I guess I’m missing something… Thanks in advance for your kindness
@theinspector sounds like you have the correct default config - although you are missing the server-fin and client-fin options, I don’t think those will matter here. We’ll need to dig a bit deeper to understand why it’s not working. Could you paste your entire haproxy.cfg file? It might be overridden somewhere else.
The new haproxy base image also no longer runs as root but as user called haproxy. You will have to make some minor modifications to the haproxy Dockerfile to keep everything working:
FROM haproxy:2.9.6-alpine
VOLUME [ "/certs" ]
# Switch back to root to install packages
USER root
RUN apk add --update inotify-tools
# Make haproxy user owner of certificate directory (is root by default)
RUN chown haproxy:haproxy /etc/ssl/private
# Switch back to haproxy user
USER haproxy
COPY haproxy.cfg /usr/local/etc/haproxy/haproxy.cfg
COPY start-haproxy.sh /start-haproxy
CMD /start-haproxy
@Maurits mentioned updating the HAProxy base image and making specific config adjustments (like replacing reqadd with http-request add-header and modifying the Dockerfile for non-root usage) to fix the [error] LogBackend: server responded with status code: 504.

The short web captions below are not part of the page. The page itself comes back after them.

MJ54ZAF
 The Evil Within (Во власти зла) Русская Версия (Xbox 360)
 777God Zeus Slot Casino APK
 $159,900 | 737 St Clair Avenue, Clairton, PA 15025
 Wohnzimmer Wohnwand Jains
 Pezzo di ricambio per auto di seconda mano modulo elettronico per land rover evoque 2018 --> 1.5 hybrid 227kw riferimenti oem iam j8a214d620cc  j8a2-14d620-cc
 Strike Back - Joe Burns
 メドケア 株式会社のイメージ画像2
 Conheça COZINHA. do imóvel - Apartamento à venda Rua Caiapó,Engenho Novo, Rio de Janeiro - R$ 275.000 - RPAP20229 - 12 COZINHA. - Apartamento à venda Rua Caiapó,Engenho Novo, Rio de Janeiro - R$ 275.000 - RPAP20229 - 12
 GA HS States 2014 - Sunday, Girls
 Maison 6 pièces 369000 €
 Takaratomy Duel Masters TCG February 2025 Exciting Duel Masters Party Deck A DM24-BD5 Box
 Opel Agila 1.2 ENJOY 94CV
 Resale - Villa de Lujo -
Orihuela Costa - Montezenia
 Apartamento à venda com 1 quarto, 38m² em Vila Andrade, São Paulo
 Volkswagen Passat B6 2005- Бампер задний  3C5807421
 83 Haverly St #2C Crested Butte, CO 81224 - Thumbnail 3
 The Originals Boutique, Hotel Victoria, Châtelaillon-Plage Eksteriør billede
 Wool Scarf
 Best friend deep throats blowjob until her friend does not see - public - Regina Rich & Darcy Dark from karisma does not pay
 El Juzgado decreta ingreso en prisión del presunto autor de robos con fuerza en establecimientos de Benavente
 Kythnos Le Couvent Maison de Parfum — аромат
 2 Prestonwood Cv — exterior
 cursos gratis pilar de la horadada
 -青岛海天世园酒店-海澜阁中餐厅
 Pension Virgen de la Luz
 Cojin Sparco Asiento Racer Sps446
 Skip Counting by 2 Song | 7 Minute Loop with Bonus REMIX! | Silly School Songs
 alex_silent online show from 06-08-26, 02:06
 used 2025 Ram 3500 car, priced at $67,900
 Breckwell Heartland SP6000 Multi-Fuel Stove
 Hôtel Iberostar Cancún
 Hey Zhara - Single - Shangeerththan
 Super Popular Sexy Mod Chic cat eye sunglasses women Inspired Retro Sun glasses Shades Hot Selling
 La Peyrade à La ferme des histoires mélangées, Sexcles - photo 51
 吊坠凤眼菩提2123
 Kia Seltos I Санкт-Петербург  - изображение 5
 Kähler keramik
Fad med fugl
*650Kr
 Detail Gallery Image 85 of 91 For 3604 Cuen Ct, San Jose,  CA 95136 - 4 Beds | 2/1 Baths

Has anyone tried this solution yet? Just looking for a quick confirmation on whether it’s been tested and proven effective.
I’ve been running this in our dev environment for a week now and everything seems stable. (Tested API and VPN). The reason changing those timeouts worked for drcnyc is because he’s using a haproxy helm chart with a more recent haproxy version compared the one openbalena is currently using.
Hello @Maurits ,
The HAProxy update worked flawlessly, but now I’m seeing an error in the balena_supervisor logs: [error] LogBackend: server responded with status code: 408.
Additionally, I have a question regarding the certificate renewal process. Initially, I ran the quickstart script without the -c parameter and with the OPENBALENA_ACME_CERT_ENABLED environment variable set to false.
I’m not seeing any errors in my balena_supervisor logs. Have you checked if the API is working correctly? Anything in the API logs? Is https://api.{yourdomain}/ping returning OK?
We use the cert-provider to handle the renewal of certificates so I don’t know if I’ll be much help.
Probably better to start a new topic for that unless it’s related to this.
What certificate provider do you use and how did you configure it?
I’m from Chile, I don’t speak English, but I see that you use openbalena, is it possible that we can talk directly? In a chat? To ask you those questions?